Pero muchas veces lo que hoy consideramos “cultura gay” es una mezcla indigesta e industrialmente producida de malosentendidos, algunos predicados arrojados como injurias sobre las cabezas de los disidentes de la heteronormatividad y otros asumidos con algarabía como nombres propios mal organizados en un espacio precario, saturado de apelaciones al reconocimiento y atravesado por algunas líneas de fuga.
El gay saber
El saber gay bien entendido es otra cosa que la sumisión a patrones de conducta impuestos por una industria cultural más (pero, incluso, más perversa que ninguna). Por ejemplo, la loca visita el santuario de Fátima, y allí descubre que se venden almohadillas para atarse a las rodillas. Compra cuatro (porque tiene dos piernas, y sabe que gastará las almohadillas mucho más que cualquier piadosa señora portuguesa). Esa refuncionalización de un objeto (o de un espacio, o de un vínculo: por ejemplo, el matrimonial) es lo más característico del gay saber, que sabe encontrar en cualquier cosa un instrumento para el goce o, sin llegar a tanto, el placer atemperado.
Los espacios refuncionalizados son, propiamente, espacios otros: lugares que no son utópicos, porque están allí al alcance de la mano y que se prestan para usos aberrantes en relación con lo que la cultura ha previsto. Verse en un espacio otro es desconocer un poco lo que de uno se supone y se pretende.
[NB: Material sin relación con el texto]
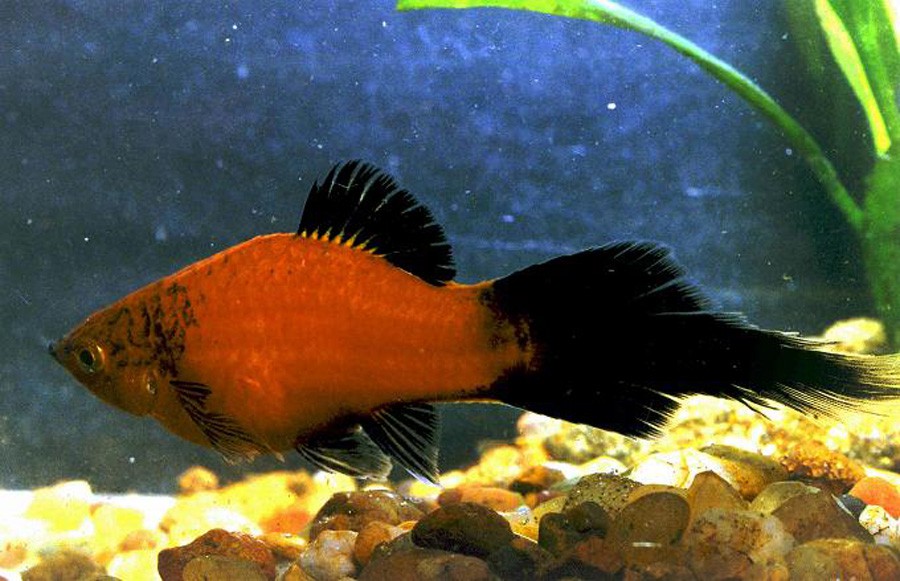 Platy Variado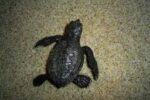 Localitzada morta una cria de tortuga babaua als Muntanyans de Torredembarra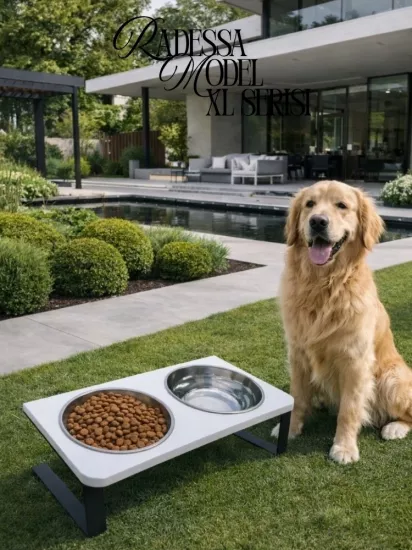 Kedi Köpek İçin %10 Eğimli Yerden Yüksek İkili Mama Kabı Su Kabı Standı Paslanmaz Çelik Hazneli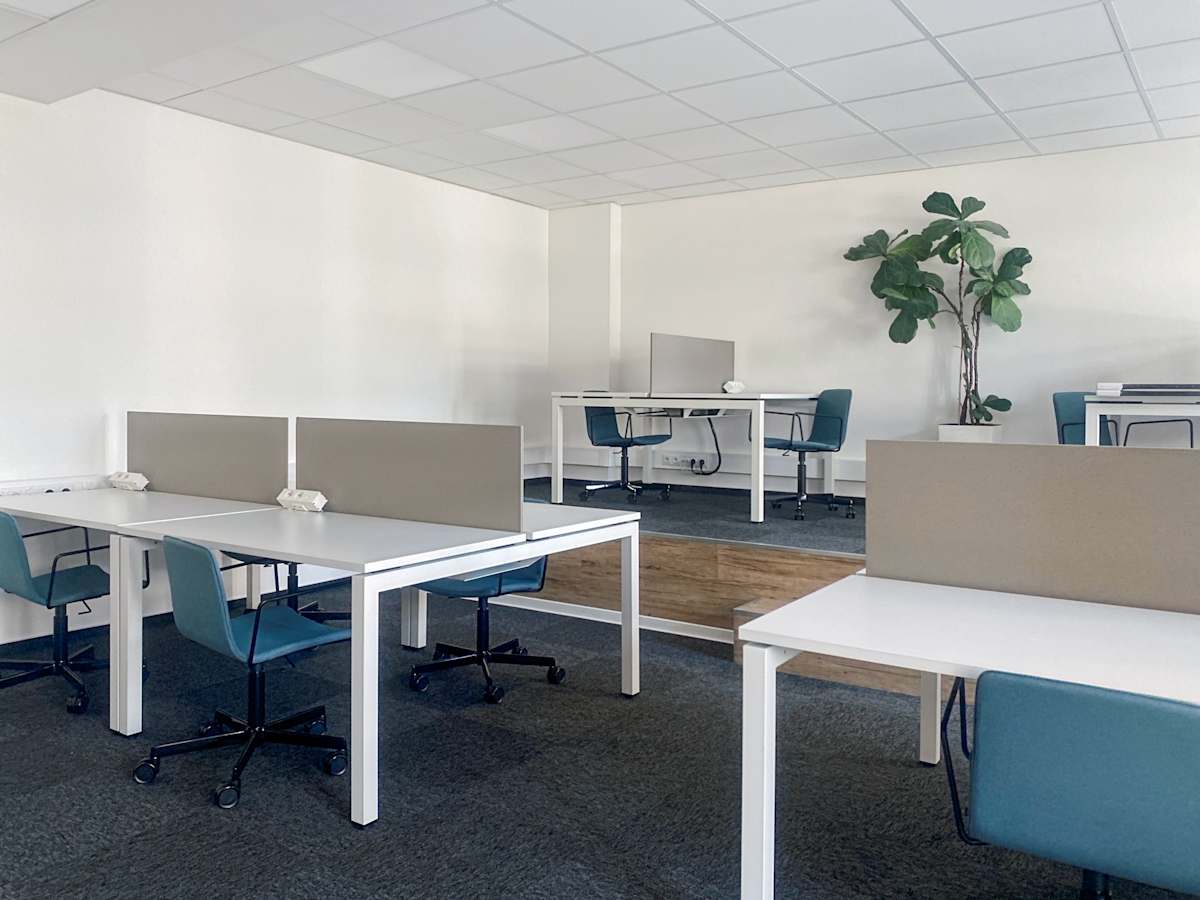 Platan Office photo 9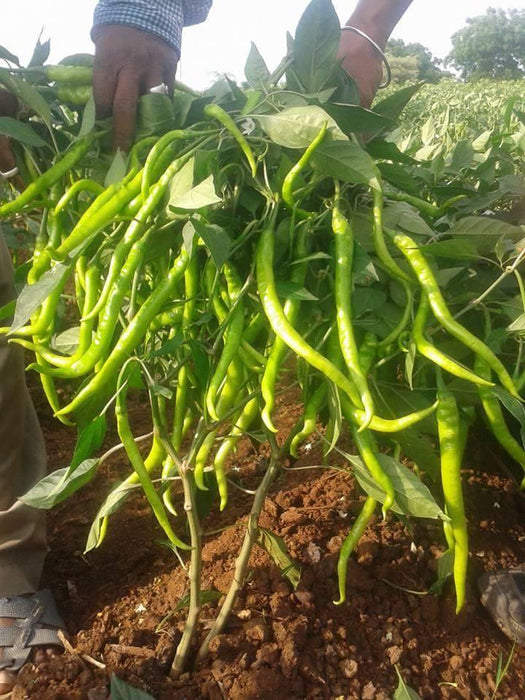ksp 1232 swarnika f1 hybrid hot pepper/chilli (kalash seeds)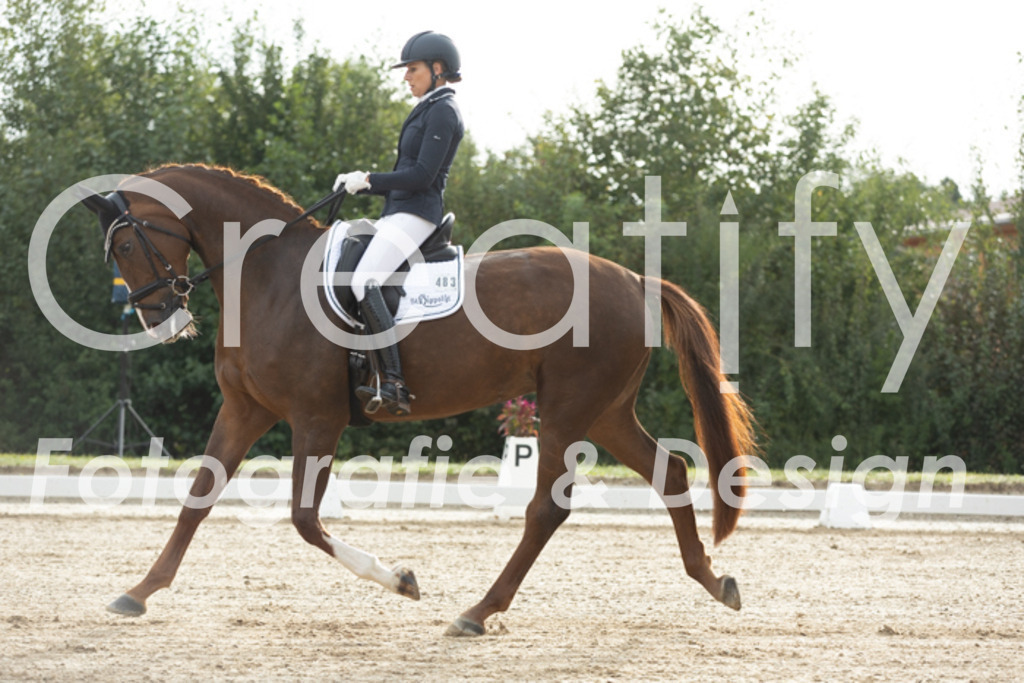 IMG_4183 | Creatify Fotografie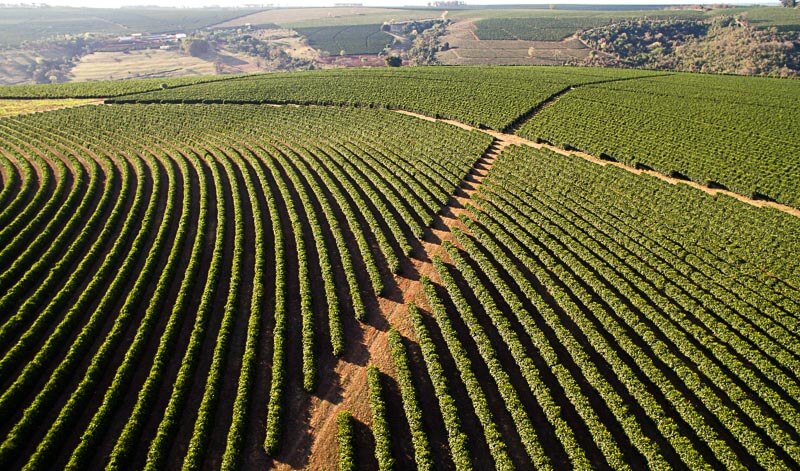 ...sieht eher so aus. Eine Plantage in Minas Gerais in Brasilien.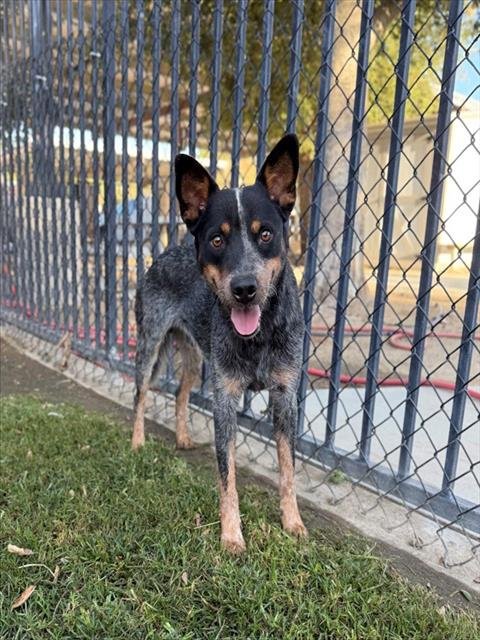 BOOMER - Queensland Heeler available for adoption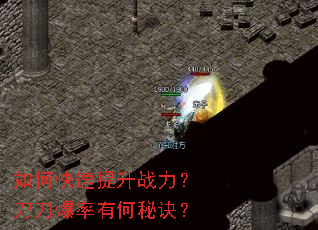 ��ο�������ս�������������к��ؾ���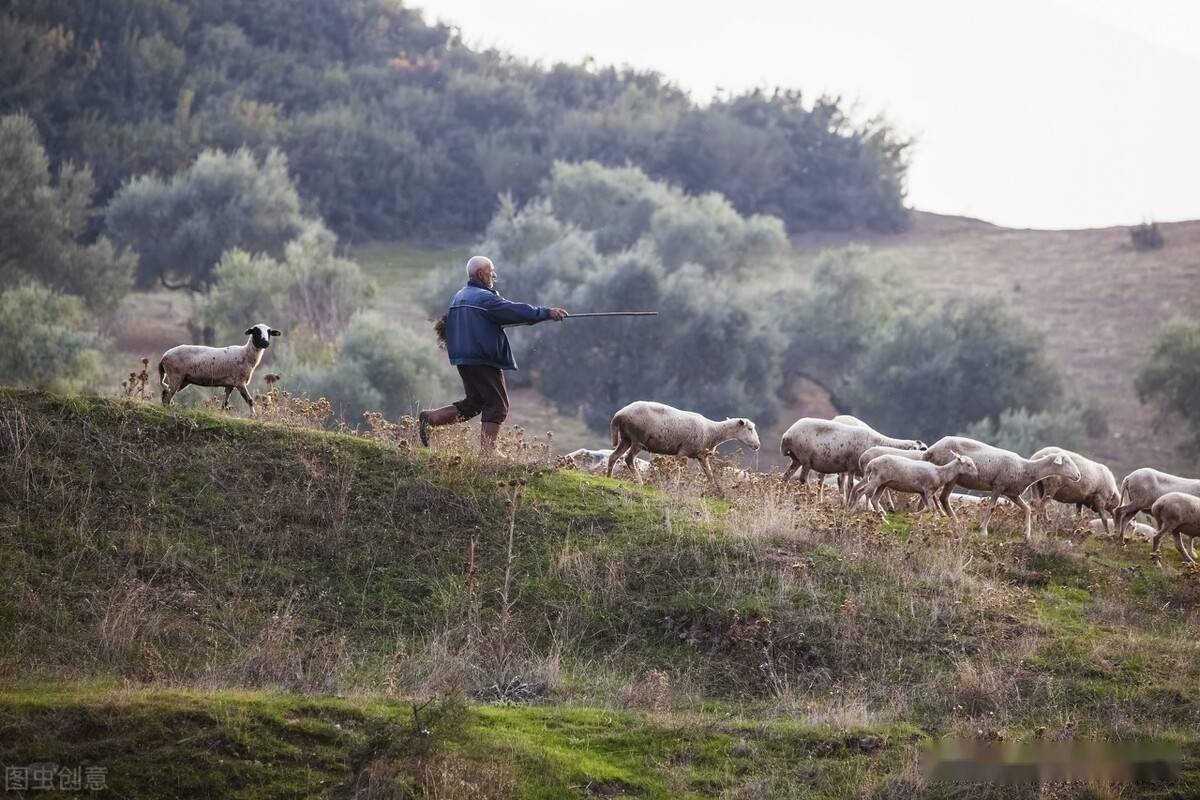 一首五哥放羊王二妮和于文华到底谁唱得更好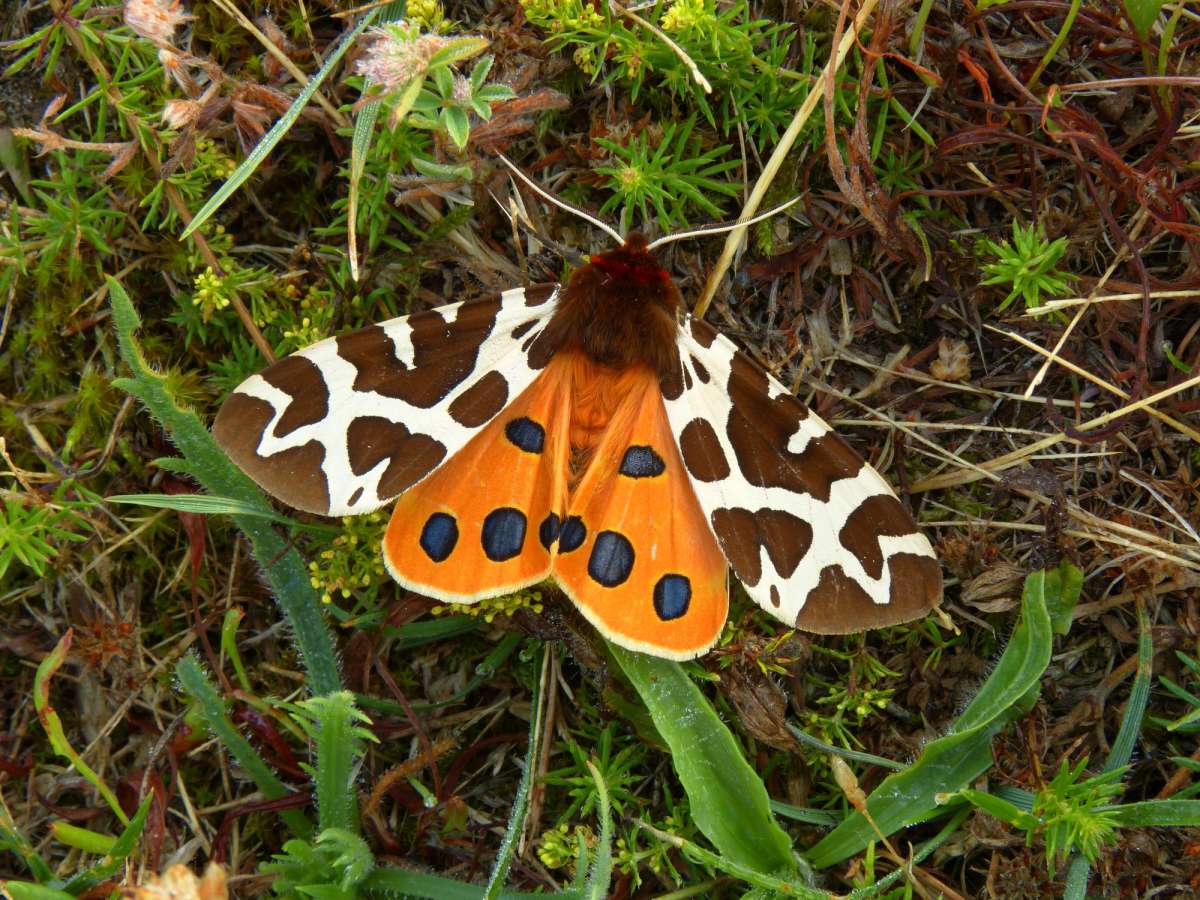 Garden Tiger (Arctia caja) photographed in Kent by Chris Manley 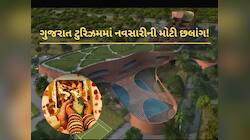 ડેસ્ટિનેશન વેડિંગ માટે ઉદયપુર-ગોવા જવાની જરૂર નથી, 250 કરોડના ખર્ચે વેડિંગ કોરિડોર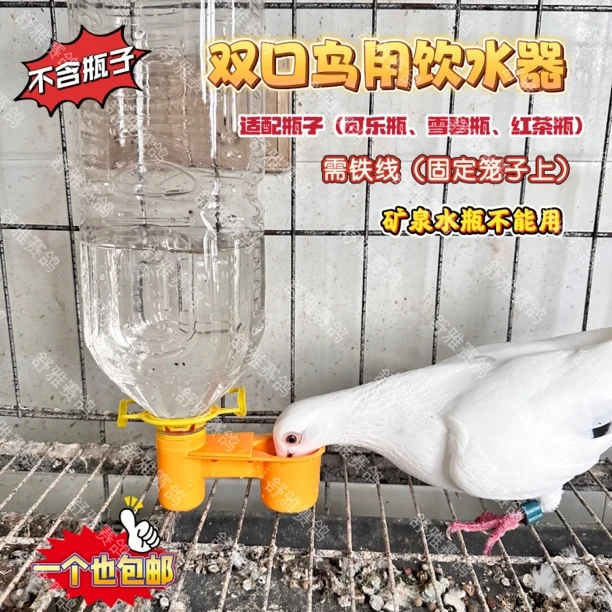 鸟用饮水器双口饮水器鸽子饮水器蓄水器笼养鸟类宠物饮水器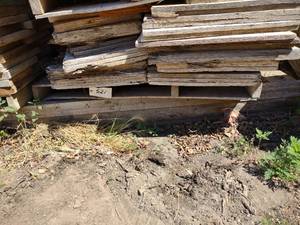 lot 521 image: Assorted Mud Boards...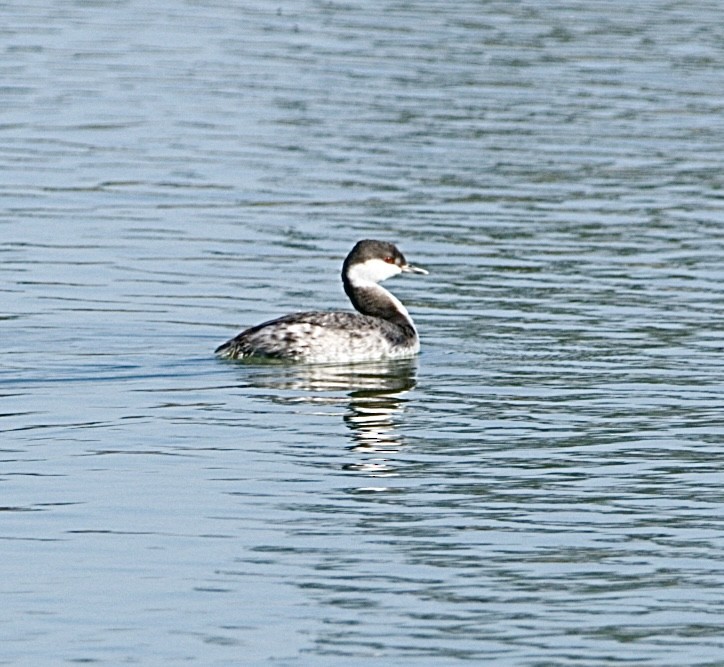 Horned Grebe - ML645452451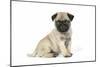 Pug (Fawn) 7 Week Old Puppy-null-Mounted Premium Photographic Print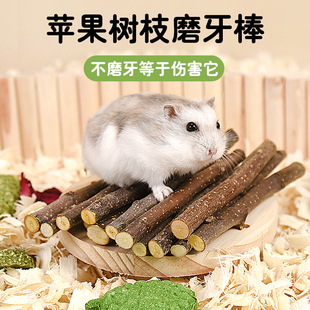 仓鼠零食磨牙棒苹果树枝苜蓿草造景金丝熊龙猫兔子磨牙用品甜竹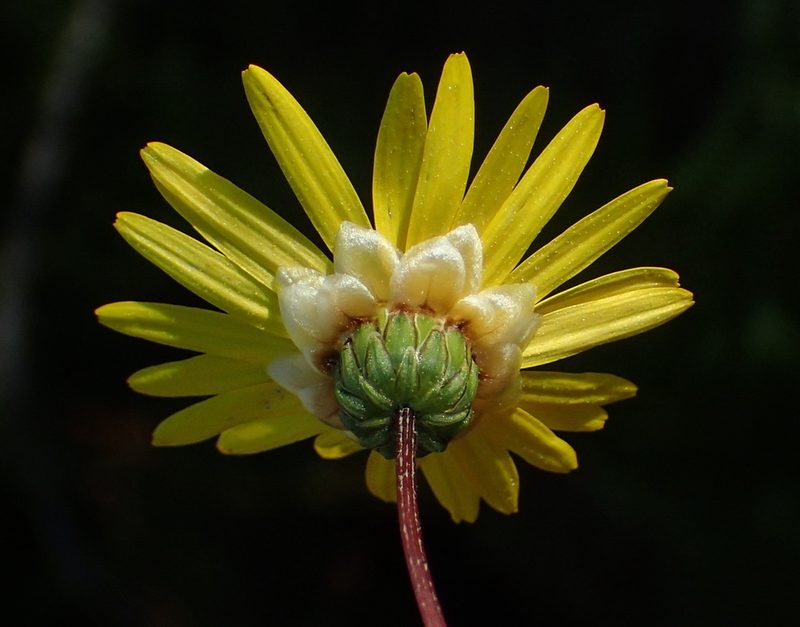Ursinia anethoides, photographed by Nicola van Berkel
Allí puede haber desvío, pero no error en el sentido antes enunciado, porque no hay verdad en el uso de las cosas sino eficacia. Lo gay, si conviniera sostener tal entidad predicativa, es del orden y el registro de lo intermitente: sucedió en el momento en que se obtuvo una cierta felicidad y adquirió los predicados de ese momento singular, un poco irrepetible. No es seguro que alguien pudiera replicar una experiencia tan evanescente. Es el planteo central de ese otro texto de Thomas Mann, La muerte en Venecia, que Visconti entendió perfectamente: nada más gay que una ciudad sitiada por la peste.
Contra la comodidad y la falsa sensación de seguridad de una zona gay (barrio, resort, crucero, playa) los espacios otros ofrecen el riesgo y la excitación de lo desconocido o de lo que puede cambiar para siempre nuestra propia percepción del mundo.